By Samantha Barnes – firstname.lastname@example.org
BNY Mellon to buy Cutwater
An agreement has been reached between the Bank of New York Mellon and Cutwater Asset Management that will allow Mellon to acquire Cutwater from its current owner, MBIA Inc. Cutwater currently has assets under management that are valued at $23 billion.
Cutwater’s portfolio focuses on fixed-income securities, long-term loans and defined-return strategies. The firm will be operated under the administrative supervision of Insight Investment. Insight is regarded as a leader among investment firms in European markets.
With the acquisition of Cutwater, BNY Mellon and Insight can bridge the gap between US and European markets to expand their capabilities to serve clients on both continents, as well as expand Mellon’s fixed-income influence.
DBS acquires Societe Generale’s Asian banking wing
DBS Bank of Singapore has completed its acquisition of Societe Generale’s private banking wing in Asia. In doing so, DBS can now boast of having SGD88 billion worth of assets in the high net-worth category and SGD129 billion worth of wealth assets under management. Most employees from Societe Generale will become employees of DBS as the transition is completed.
Clients of both institutions, being under one umbrella, will now have access to the entire pool of available assets and investment options. This will enable high-wealth customers to have more options, to expand their portfolios in Asia and beyond, and will allow one-stop banking.
UBS revamping French unit
UBS is now revamping its asset-management unit in France, which is expected to generate lay-offs and other significant changes. Swiss-based UBS says it wants to hone its focus within the private-banking sector.

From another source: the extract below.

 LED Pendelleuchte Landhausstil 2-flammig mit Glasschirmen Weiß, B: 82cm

UBS is statistically the largest wealth manager in the world, and its activism in France reflects the Zurich-based company’s goal to keep it that way.

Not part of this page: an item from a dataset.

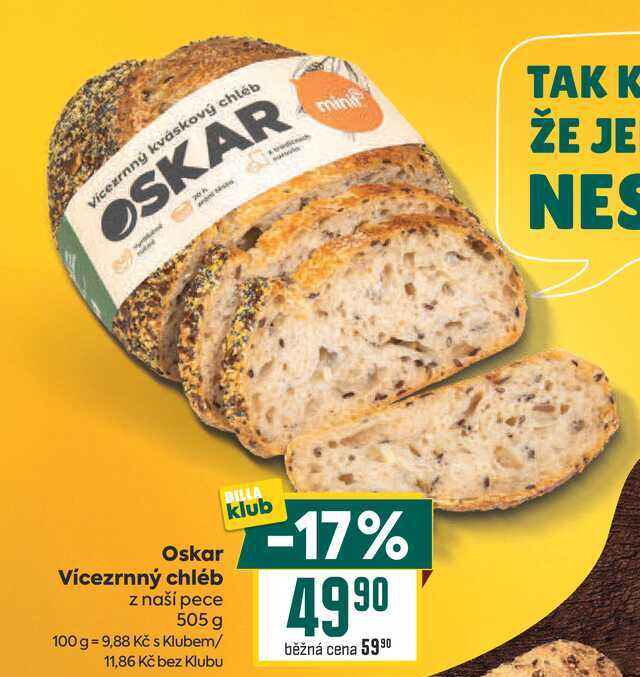 Oskar Vícezrnný chléb z naší pece 505 g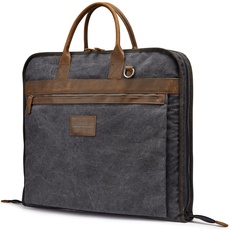 S-ZONE Unisex Kleidersack Anzugtasche Canvas Leder Trim Kleidertasche für Reisen Kurzurlaub Geschäftsreisen Aufbewahrung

The restructuring is not without controversy. EU officials are investigating the company’s activities in France and the possibility that it helped certain French investors avoid paying taxes, a potentially illegal act. UBS could end up paying a fine of nearly five billion euros to settle the matter.
Banque Havilland acquires Banque Pasche
The independent bank known as Banque Havilland has purchased a majority stake in neighboring institution Banque Pasche. Havilland is based in Luxembourg; Banque Pasche is a Geneva-based bank that operates throughout the region. Havilland has acquired Pasche’s operations in nearby Liechtenstein.

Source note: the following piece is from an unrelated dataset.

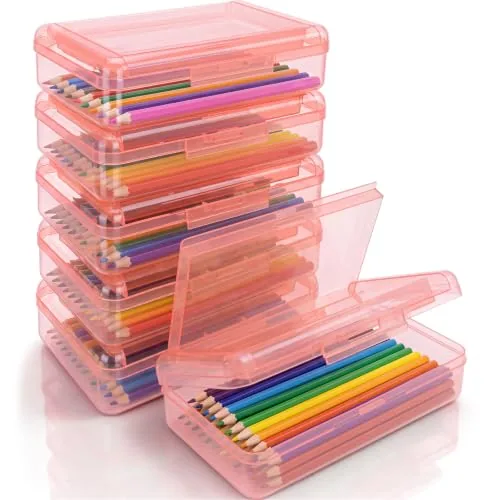 6 Piece Double Layer Pencil Boxes Large Capacity, Pink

The tiny nation of Liechtenstein has a vast concentration of wealth that dates back to Europe’s days of nobility, but today banking in the whole region is focused on international investment and high-wealth clients. Acquiring Pasche will enable Havilland to expand its offerings in this sector.
Prognosis on Swiss banks: 20 percent could fail
Swiss banks were once considered the most failsafe of all financial institutions. Today, however, the changing climate of the business world leaves these institutions threatened, and up to 20 percent could fail if the Swiss banking culture doesn’t change its approach.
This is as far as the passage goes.